## Task details
With pictures excluded, copy word for word the lines in the data below from the line containing "春天，一定要让风筝放你" through the line containing "a roll of white".

Data records:
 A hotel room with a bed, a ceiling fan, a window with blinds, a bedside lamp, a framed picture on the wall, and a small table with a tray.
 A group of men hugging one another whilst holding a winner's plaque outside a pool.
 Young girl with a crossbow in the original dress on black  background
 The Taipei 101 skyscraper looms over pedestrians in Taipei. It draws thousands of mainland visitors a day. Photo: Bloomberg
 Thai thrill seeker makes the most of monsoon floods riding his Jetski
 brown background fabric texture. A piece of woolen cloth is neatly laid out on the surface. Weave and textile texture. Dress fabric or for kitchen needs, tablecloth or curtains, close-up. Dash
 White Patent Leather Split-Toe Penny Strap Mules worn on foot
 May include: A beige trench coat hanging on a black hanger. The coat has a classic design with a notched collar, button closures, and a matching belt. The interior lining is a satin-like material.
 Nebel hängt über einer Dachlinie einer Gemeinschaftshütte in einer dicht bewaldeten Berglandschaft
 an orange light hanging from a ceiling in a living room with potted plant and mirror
--
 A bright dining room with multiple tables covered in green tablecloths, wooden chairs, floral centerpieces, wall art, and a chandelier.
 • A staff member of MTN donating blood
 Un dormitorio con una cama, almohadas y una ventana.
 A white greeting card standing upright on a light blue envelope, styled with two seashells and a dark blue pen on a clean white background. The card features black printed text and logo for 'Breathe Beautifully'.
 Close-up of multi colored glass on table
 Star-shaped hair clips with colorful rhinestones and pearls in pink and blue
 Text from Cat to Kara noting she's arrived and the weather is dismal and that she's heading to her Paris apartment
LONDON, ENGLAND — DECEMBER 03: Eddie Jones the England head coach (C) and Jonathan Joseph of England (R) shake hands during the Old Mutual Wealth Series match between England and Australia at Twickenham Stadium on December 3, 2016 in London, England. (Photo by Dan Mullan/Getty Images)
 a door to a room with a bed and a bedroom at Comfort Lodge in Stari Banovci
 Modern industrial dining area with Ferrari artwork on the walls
...
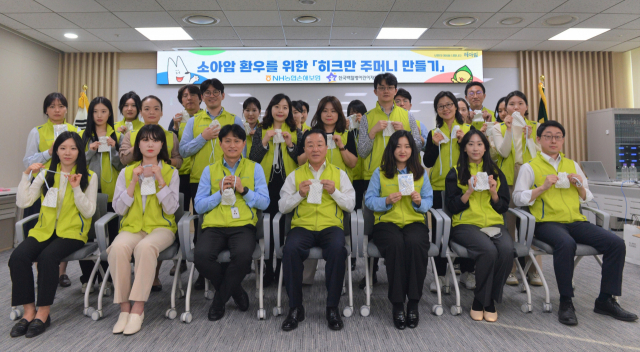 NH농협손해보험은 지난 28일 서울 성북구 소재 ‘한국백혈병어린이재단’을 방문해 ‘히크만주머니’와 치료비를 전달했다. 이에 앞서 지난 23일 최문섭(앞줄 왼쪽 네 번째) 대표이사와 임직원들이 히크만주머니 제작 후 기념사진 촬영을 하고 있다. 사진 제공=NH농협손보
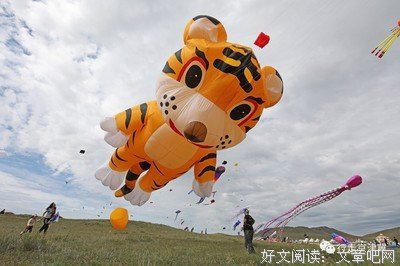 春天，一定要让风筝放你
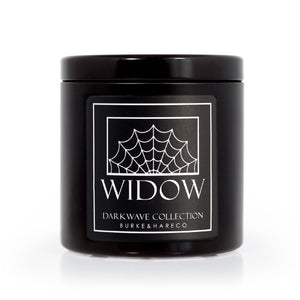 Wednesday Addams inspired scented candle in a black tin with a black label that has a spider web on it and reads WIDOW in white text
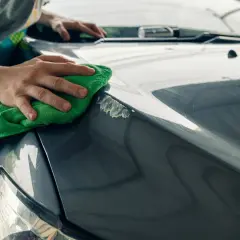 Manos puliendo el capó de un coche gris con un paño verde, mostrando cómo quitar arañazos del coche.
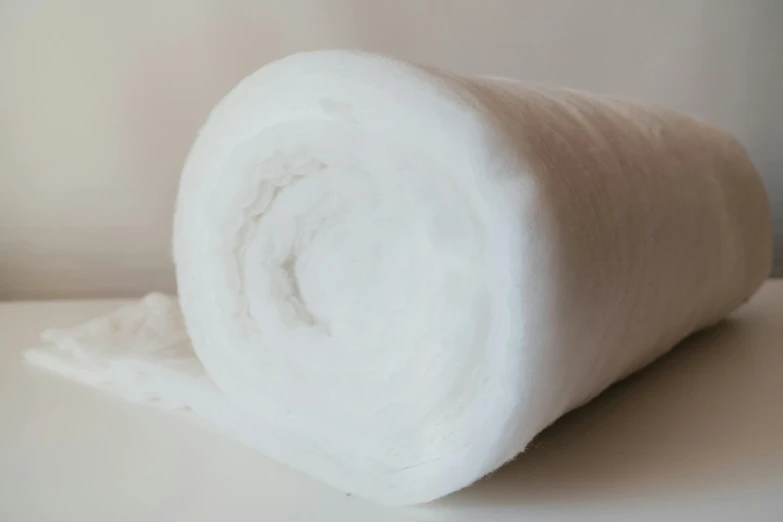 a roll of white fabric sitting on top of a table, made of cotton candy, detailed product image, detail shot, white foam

## Solution to this exercise
 春天，一定要让风筝放你
 Wednesday Addams inspired scented candle in a black tin with a black label that has a spider web on it and reads WIDOW in white text
 Manos puliendo el capó de un coche gris con un paño verde, mostrando cómo quitar arañazos del coche.
 a roll of white fabric sitting on top of a table, made of cotton candy, detailed product image, detail shot, white foam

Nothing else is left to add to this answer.